**Your task:** Search the records for "medal". Copy every line where it appears.

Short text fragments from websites
*** Begin section ***
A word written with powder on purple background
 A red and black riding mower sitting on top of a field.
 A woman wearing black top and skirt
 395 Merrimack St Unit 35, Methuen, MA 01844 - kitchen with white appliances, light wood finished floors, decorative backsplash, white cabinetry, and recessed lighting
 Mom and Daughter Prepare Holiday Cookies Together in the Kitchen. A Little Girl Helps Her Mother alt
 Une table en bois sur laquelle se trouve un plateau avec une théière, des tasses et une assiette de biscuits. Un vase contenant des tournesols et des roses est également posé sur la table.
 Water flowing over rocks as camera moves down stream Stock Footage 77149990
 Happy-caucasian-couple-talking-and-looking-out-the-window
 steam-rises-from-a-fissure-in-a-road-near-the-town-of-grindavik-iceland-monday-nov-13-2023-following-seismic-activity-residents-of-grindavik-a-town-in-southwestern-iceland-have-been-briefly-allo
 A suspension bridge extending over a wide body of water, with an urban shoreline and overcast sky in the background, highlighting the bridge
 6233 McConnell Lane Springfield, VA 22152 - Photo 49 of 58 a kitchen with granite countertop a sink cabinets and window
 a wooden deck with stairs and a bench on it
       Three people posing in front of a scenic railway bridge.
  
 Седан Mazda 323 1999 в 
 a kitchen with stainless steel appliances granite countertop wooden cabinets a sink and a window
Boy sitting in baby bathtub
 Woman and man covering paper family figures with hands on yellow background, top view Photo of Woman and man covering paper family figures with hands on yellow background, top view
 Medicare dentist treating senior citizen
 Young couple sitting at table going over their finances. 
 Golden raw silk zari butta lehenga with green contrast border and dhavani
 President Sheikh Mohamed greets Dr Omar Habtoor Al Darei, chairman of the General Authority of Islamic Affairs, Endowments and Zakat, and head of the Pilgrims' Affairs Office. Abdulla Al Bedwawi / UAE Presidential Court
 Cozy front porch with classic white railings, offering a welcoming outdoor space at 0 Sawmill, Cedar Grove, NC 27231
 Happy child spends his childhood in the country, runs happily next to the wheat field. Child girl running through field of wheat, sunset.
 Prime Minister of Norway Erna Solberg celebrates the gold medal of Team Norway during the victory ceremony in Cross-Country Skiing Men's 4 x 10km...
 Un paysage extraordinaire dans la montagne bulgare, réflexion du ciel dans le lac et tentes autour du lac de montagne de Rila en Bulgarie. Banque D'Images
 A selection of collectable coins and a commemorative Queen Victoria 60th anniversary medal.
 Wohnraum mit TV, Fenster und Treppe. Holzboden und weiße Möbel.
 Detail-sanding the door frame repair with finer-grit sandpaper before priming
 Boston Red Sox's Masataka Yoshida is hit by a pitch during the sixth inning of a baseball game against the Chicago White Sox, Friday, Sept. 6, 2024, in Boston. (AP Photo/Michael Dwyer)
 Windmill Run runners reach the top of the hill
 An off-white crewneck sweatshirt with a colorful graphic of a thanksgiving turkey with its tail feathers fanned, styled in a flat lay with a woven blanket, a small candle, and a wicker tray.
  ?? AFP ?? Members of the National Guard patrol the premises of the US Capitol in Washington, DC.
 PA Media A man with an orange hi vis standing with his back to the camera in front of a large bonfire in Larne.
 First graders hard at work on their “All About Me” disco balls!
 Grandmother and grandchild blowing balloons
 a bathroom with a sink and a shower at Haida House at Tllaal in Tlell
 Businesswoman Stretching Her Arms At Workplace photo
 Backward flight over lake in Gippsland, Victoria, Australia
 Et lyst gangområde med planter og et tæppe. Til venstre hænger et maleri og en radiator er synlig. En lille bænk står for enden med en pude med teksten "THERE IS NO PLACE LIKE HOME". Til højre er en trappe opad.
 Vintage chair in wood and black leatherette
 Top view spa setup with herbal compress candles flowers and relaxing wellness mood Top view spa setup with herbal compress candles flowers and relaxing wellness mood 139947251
*** End section ***
**Expected answer:**
 Prime Minister of Norway Erna Solberg celebrates the gold medal of Team Norway during the victory ceremony in Cross-Country Skiing Men's 4 x 10km...
 A selection of collectable coins and a commemorative Queen Victoria 60th anniversary medal.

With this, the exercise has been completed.